>>>>
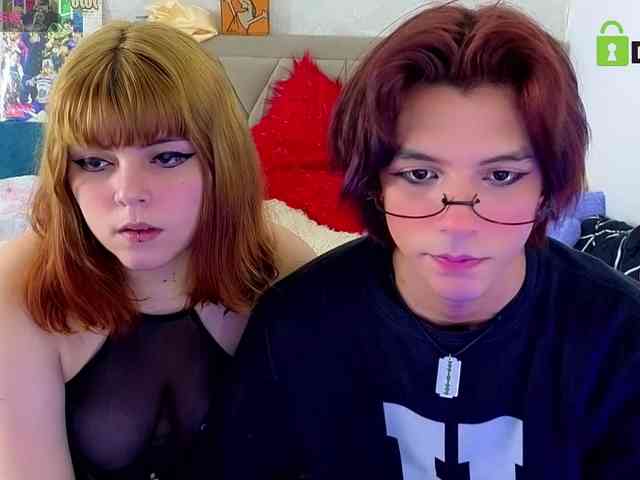 VelvetCouple444 webcam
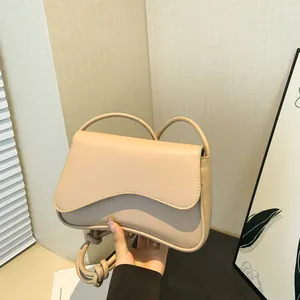 Bolso de Hombro de Cuero PU de Moda para Mujer Diseño de Solapa Ondulada Correa Anudada Bolso Cuadrado Pequeño Bolso Informal Diario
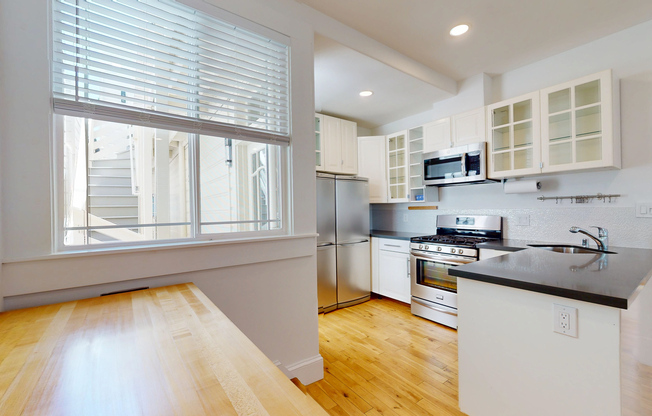 1008 FILBERT ST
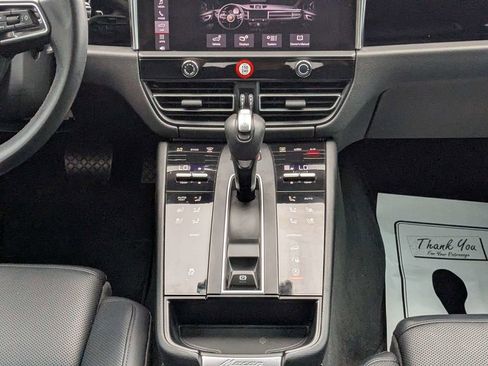 Used 2023 Porsche Macan AWD/4WD image 19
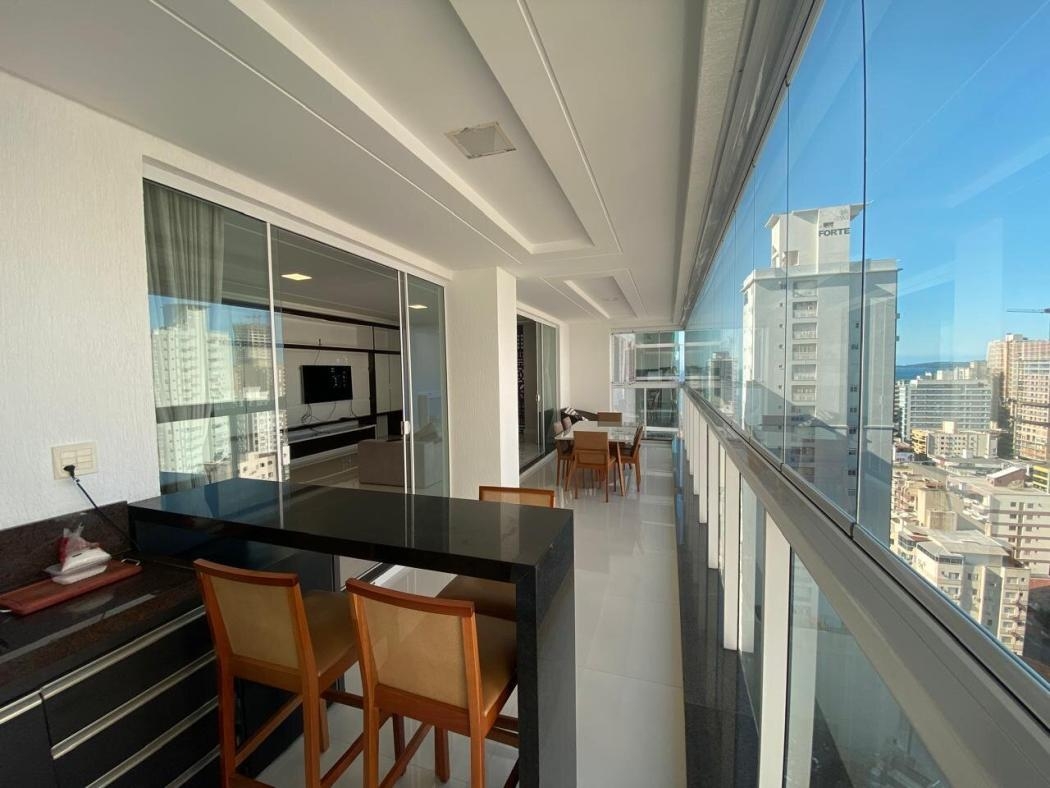 Apartamento mobiliado de 237 m² privativo com 4 suítes e 3 vagas de garagem a 1 quadra da beira-mar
<<<<
Leaving all pictures aside, quote each record exactly.

● Answer below
 VelvetCouple444 webcam
 Bolso de Hombro de Cuero PU de Moda para Mujer Diseño de Solapa Ondulada Correa Anudada Bolso Cuadrado Pequeño Bolso Informal Diario
 1008 FILBERT ST
 Used 2023 Porsche Macan AWD/4WD image 19
 Apartamento mobiliado de 237 m² privativo com 4 suítes e 3 vagas de garagem a 1 quadra da beira-mar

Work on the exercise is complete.